02 June, 2014

Tree House

So we decided to build a treehouse/sandbox. The boys needed a purpose and the little ones needed a purpose. It wasn't til after we had begun building and Caleb the gutter cleaner showed up to, well, clean our gutters, that we realized how ludicrous it must seem to a kenyan. He wondered if we're building a "flat." Meaning apartment. If you add an espresso machine and a bowl of chocolate, why sure, I'll move in tomorrow. But since it won't have electricity i'll stay put. However, thanks to the culture block of some air headed americans, it never once crossed our minds that the treehouse would be plenty big enough for a kenyan or 10. I guess if you count the night that Marlin is planning on camping out in it with his sons it could be considered a "flat." And no, i have no intentions of joining them. I'm pretty sure my immune system would revolt.

On to some pictures.

Our truck. Sort of. At least the front seats have air conditioning so we can arrive at church looking like we cared. To bad about all the ones sitting in the back. 

Two handsome, hard working hunks. 

"Seriously, i know what i'm doing." And seriously, he's not running that thing, whatever it's called.

Now this one DOES know what he's doing. I'm just so proud of them.
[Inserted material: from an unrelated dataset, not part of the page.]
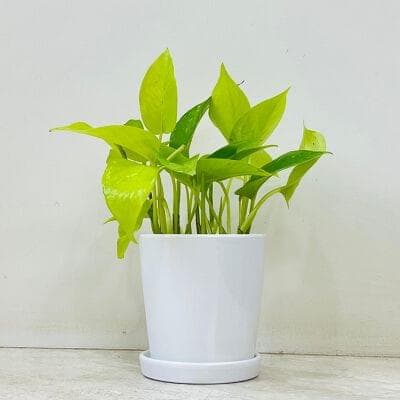Golden Money Plant In Ceramic Pot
My wee little babies have gotten so big.  Don't tell them i included wee and babies in a sentence about them. They embarrass so easy these days. 

So it's not really a tree house, it's more of a "house between the trees."  And the  sandbox will be at the bottom. Oh glory, my boys will have somewhere to dig without getting their mama's attitudes all in a knot.

He's a cute one with two teeth missing.

His face is dirty but just ignore that and pretend that i cared enough to wash it after he ate.  Face washing is overrated. 

Eric's learning how to work with many "helpers." It's been a painful experience for all involved.  I could paint an amazing picture of how they just love all working together and of how Eric spends hours gently instructing his wide eyed little brothers as they stare with amazement and hero worship. But our neighbors live awfully close and hear pretty much everything. And i'm pretty sure God meant it when He said thou shalt not lie. So while i'm sure there's been instruction i'm pretty sure the instructions weren't  real gentle and the recipients weren't exactly hero worshipping. Wide eyed maybe but not from hero worship.  My involvement so far has been to yell, i mean gently instruct, from the window to stop the fighting and act like they love each other. So i would say all in all it's been going pretty well.

I now ask you a question. Would you like to enjoy a safari around the world and experience first hand what it's like to live without electricity? Sleep with the sounds of Africa surrounding you? You know, piki piki's, bar music, and trucks, while you're serenaded to sleep with the sounds of mosquitoes lulling you into dream land? Wake up and cook your breakfast over a little fire while scorching your backside every time you turn around too fast? It can all be yours, in a treehouse built from authentic African wood. Coffee will arrive every morning except i'll be drinking it while i check to see if you survived the wild night life of Kisumu. Tempting, isn't it?


  1. Very tempting! My kids would LOVE it... and so would their secretly adventurous mama. As long as you bring me chai in the morning before I need to interact with anyone. And your kids look great! I'm glad that they are beautifully human, like my own; it makes the thought of getting together with you again much easier. (I wouldn't want my human children to interfere with angelic ones... not that mine aren't angelic... when they're sleeping.)

    Thanks for the pictures, the laughter, and the likely unintentional reminder to delight in my children's humanity as they grow up all too quickly!!!

    Love you!
    One Curly-haired Mama

  2. As always I enjoyed the update! The last sentence made me laugh out loud (at least you're keeping it real :), makes us seem maybe a tad more normal! Looks like a fun project for the boys.

  3. great to hear from you again..so fun to see little boys busy becoming little men..pictures are wonderful..as always, i love your style of writing..have a blessed day hollering out the window, drinking your coffee, n supporting your man..I'll prob be hollering out my window also, swatting endless mosquitoes, laundry, endless potty training, and cleaning up the house 328.7 times (give or take). hugs across the ocean, jan

  4. Licia, i would love nothing more than to serve you chai.....and have no fears, my angels won't be sprouting wings anytime soon.

    Marlene, glad i could make you laugh. :)

    And Janice, so good to hear from you and yes, i will join you in cleaning up the house 328.7 times. Lot of hugs back to you!!

  5. My kids are howling with laughter at the thought of sleeping in a treehouse in Africa, and at the humour of your writing. I grew up in Kenya, so part of my heart is still there.

    My son would also love to know where your boys get their shirts.

    Thanks for writing such cheerful posts, when I know times are sometimes difficult.

  6. I just couldn't get done laughing at the gleeful faces of your little men. They are certainly having a time of their lives, are they not? Someday they will stand proud and tall as they speak proudly of all their Momma put up with for their sake and they will be better Daddies because of it!